Sama Dacia Spring to przystosowane do europejskich gustów elektryczne Renault KZ-E, które samo w sobie jest elektryczną odmianą oferowanego w Indiach Renault Kwizy. Budową KZ-E zajmuje się chińska fabryka w miejscowości Shiyan. Z Państwa Środka pochodzić ma również jego europejski brat bliźniak.
Wiadomość o ulokowaniu produkcji za Wielkim Murem ostro krytykują przedstawiciele francuskich związków zawodowych. Lokalna prasa wprost pisze o „wściekłości” i wytyka władzom koncernu hipokryzję. Dacia Spring zadebiutowała bowiem w kilka tygodni po ogłoszeniu niepokojących deklaracji dotyczących redukcji zatrudnienia we Francji.
Sytuację dodatkowo komplikuje fakt, że koncern Renault korzysta właśnie z rządowych subwencji (przypominamy, że rząd Francji jest udziałowcem koncernu), które miały być spożytkowane na stworzenie z Francji „europejskiego centrum produkcji samochodów elektrycznych”. Państwowe wsparcie dla „narodowego” producenta sięgnęło 5 mld euro.
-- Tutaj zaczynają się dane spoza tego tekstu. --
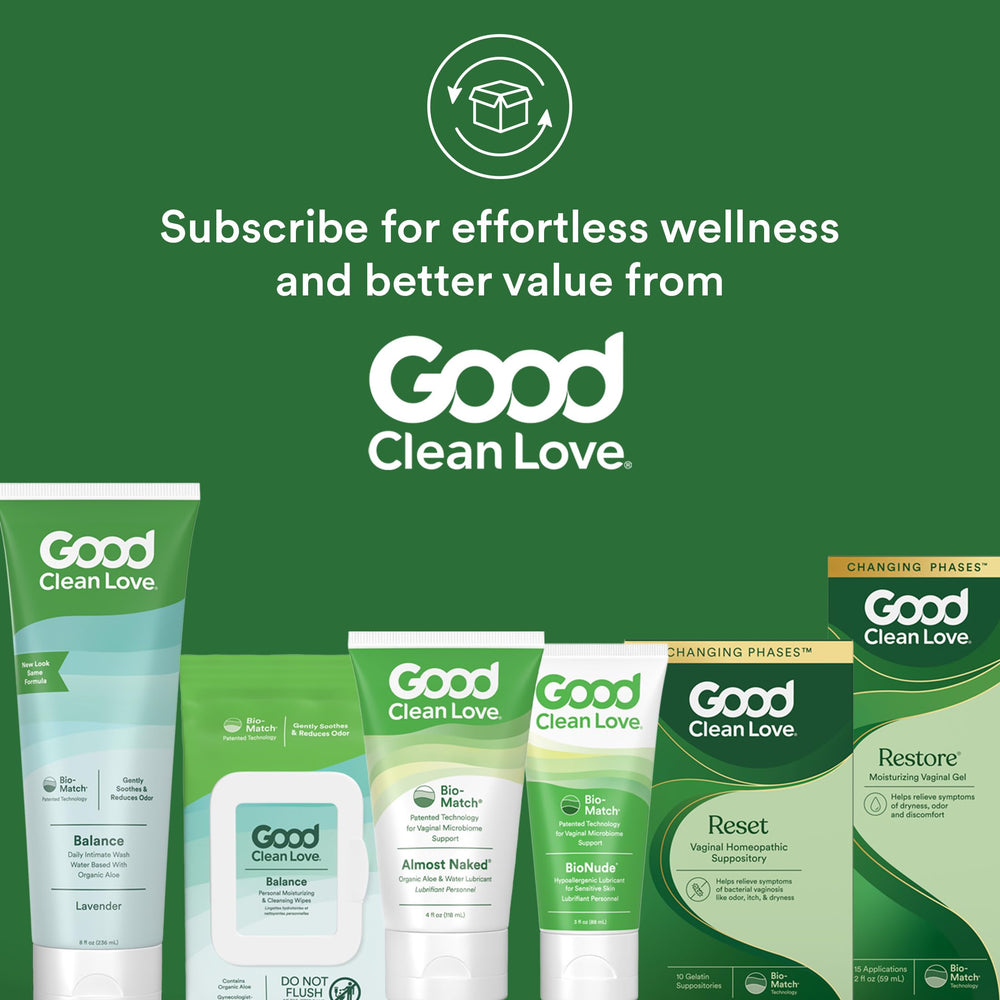 Good Clean Love cápsula junto a moneda para comparación de tamaño, portable y discreto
Jakby tego było mało, prezydent Macron wstrzymywał wypłacenie pierwszej raty rządowej zapomogi do czasu, gdy władze Renault zgodziły się podjąć dialog ze związkami zawodowymi w sprawie przyszłości dwóch lokalnych fabryk.
Władze największych francuskich związków zawodowych już wezwały Renault do przestrzegania złożonych w czerwcu deklaracji dotyczących „elektryfikacji” francuskich zakładów, argumentując, że budowanie aut elektrycznych „gdziekolwiek poza Francją” jest „nieodpowiedzialne i niewyobrażalne”. Wśród argumentów przewija się również ten o „katastrofalnym śladzie węglowym” Dacii Spring (z uwagi na transport z Chin), który kłóci się z ideą „zielonego” samochodu.
Renault nie opublikowało jeszcze cennika Dacii Spring, ale samochód od dłuższego czasu przedstawiany jest jako „najtańsze auto elektryczne w Europie”. Jeśli wierzyć wcześniejszym deklaracjom pojazd w podstawowej wersji kosztować ma około 10 tys. euro.
Przypominamy, że sama Dacia Spring mierzy 3,73 m długości, 1,62 m szerokości (bez lusterek) i 1,51 m wysokości. Źródłem napędu jest elektryczny silnik generujący 44 KM i 125 Nm. Auto osiąga prędkość maksymalną 125 km/h i legitymuje się zasięgiem 225 km.